- WORK TO BE COMPLETED
Return each line of the listing that follows in which the string "with" can be found.

- DATA FOR PROCESSING
▽
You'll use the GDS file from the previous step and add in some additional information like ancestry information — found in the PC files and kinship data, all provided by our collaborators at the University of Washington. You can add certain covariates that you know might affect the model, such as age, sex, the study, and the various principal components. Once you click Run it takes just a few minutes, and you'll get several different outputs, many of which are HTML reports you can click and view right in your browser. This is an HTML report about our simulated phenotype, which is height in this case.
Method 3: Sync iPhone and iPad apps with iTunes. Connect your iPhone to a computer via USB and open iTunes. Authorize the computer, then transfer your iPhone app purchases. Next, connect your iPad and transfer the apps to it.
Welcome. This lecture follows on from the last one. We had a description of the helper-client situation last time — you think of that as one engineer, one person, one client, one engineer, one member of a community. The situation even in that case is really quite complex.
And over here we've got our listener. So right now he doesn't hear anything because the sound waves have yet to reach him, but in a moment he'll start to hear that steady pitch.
△
▽
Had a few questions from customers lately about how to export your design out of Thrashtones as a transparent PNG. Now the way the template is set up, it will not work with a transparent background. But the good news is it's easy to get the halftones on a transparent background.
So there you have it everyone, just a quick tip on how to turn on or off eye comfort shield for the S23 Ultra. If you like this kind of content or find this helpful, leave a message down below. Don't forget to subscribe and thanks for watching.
△
- YOUR SOLUTION
Method 3: Sync iPhone and iPad apps with iTunes. Connect your iPhone to a computer via USB and open iTunes. Authorize the computer, then transfer your iPhone app purchases. Next, connect your iPad and transfer the apps to it.
Had a few questions from customers lately about how to export your design out of Thrashtones as a transparent PNG. Now the way the template is set up, it will not work with a transparent background. But the good news is it's easy to get the halftones on a transparent background.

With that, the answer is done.